What is an external conflict?

There are lots of different types of external conflict, but what is common among all of them is that the conflict is always a clash between one person (or group) and a different person (or group). It is not a struggle within one’s self. That’s why it’s called external.

External conflict vs. internal conflict

You can’t have a story without some kind of conflict, because it’s what makes the characters take action and progress the story along. If there was no conflict, then every character would just stay the same.

External conflict is one kind of conflict within a story. Internal conflict is another one.

Internal conflict happens within the self. It’s the conflict of a person against their own mind: grappling with a difficult decision, trying to live in line with their morals, seeking the best path forward.

External conflict, by contrast, involves the struggle between a person (or a group) and a force that is outside. This can come in the form of “Person vs. Person” (interpersonal conflict) or “Person vs. Thing.”

“Person vs. Person” is your classic hero-and-villain narrative, where one person is fighting another. Usually, one is the protagonist, while the other is the antagonist (think Luke Skywalker vs. Darth Vader).

“Person vs. Society” is another form of external conflict. This is where one person fights against a whole corrupt society (think The Hunger Games).

The subset “Person vs. Thing” can get a little out there. One example, “Person vs. Nature” is where an individual struggles against a harsh climate, a storm, or some other natural disaster (think Robinson Crusoe). And “Person vs. Fate, God, or the Supernatural” (like the Odyssey or Poltergeist ) is on another realm completely. Horror and fantasy genres often use this mode, while science fiction might play with “Person vs. Machine” (think The Matrix or The Terminator).

What it comes down to is …

  • internal conflict = you vs. you
  • external conflict = you vs. anything else

What are real-life examples of external conflict?

External conflict gets used a lot when talking about literature. Writers and writing teachers may mention how to build stories by finding a good source of external conflict. Literary critics might describe the external conflict that drives a story as a redeeming (or terrible) aspect of that new crime thriller. Your book club might decide that the latest offering was a little lackluster in the external conflict between Becky and Karen.

In the geopolitical sphere, it describes international tension or wars between countries (as opposed to the internal conflict happening between the people inside a country).

The Game of Thrones television series is full of “Person vs. Person” interpersonal conflict, as various characters struggle for the throne. The novel Fahrenheit 451 is another classic full of external conflict, specifically “Person vs. Society,” where the main character is locked in a struggle against the entire culture and government that surrounds him. Remember Jaws? It’s also a good example of “Person vs. Nature” external conflict.
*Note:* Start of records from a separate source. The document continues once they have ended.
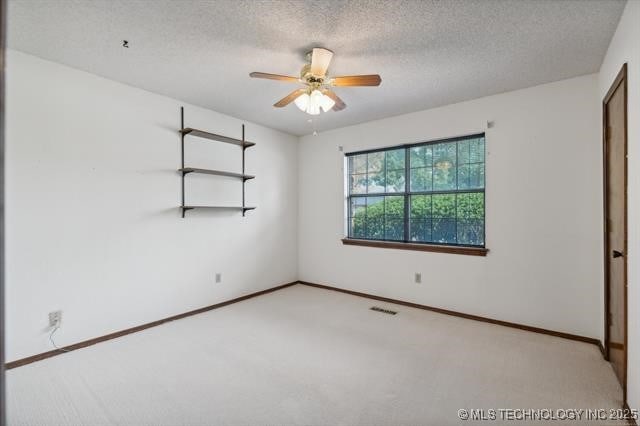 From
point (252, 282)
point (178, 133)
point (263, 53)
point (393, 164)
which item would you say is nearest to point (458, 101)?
point (393, 164)

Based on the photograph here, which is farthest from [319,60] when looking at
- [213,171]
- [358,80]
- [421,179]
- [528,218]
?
[528,218]

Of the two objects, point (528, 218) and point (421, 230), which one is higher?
point (528, 218)

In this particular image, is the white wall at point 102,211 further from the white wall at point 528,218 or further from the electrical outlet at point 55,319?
the white wall at point 528,218

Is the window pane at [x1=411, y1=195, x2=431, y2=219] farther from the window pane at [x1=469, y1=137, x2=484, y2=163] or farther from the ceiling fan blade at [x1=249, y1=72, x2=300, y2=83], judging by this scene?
the ceiling fan blade at [x1=249, y1=72, x2=300, y2=83]

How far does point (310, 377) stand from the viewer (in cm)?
229

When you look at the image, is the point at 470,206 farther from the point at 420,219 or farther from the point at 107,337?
the point at 107,337

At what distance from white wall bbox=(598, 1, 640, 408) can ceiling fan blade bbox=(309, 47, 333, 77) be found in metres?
1.81

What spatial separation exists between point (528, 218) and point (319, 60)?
2.64m

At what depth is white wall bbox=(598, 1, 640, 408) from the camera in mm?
1708

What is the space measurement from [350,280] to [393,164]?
1.81 m

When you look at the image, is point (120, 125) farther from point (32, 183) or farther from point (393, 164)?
point (393, 164)

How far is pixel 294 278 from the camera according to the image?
17.0 ft

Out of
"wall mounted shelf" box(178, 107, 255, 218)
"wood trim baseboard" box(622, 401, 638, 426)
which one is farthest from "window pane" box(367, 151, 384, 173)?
"wood trim baseboard" box(622, 401, 638, 426)

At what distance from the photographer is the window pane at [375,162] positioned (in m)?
4.40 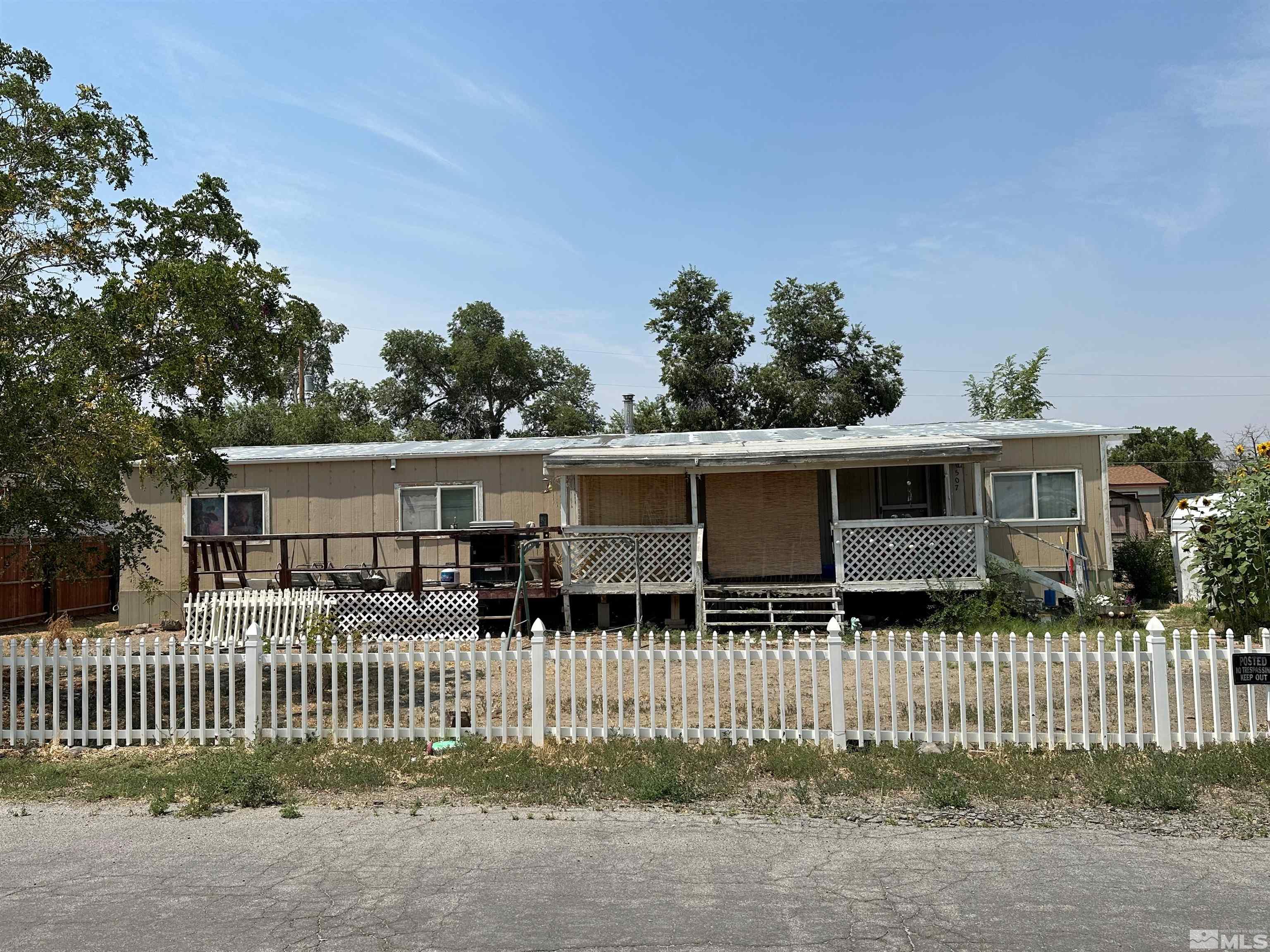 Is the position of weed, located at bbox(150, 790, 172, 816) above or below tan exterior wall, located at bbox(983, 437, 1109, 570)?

The characters fight something in the natural world around them.

You might also use external conflict to describe your own (or someone else’s) difficulties experienced in everyday life like car troubles (Person vs. Machine), tensions at work (Person vs. Person or Person vs. Company), political or religious disagreements (Person vs. Government or Person vs. God).

External conflict is everywhere around us. It may be that the real key to understanding external conflict is figuring out how to best avoid it. Good luck out there!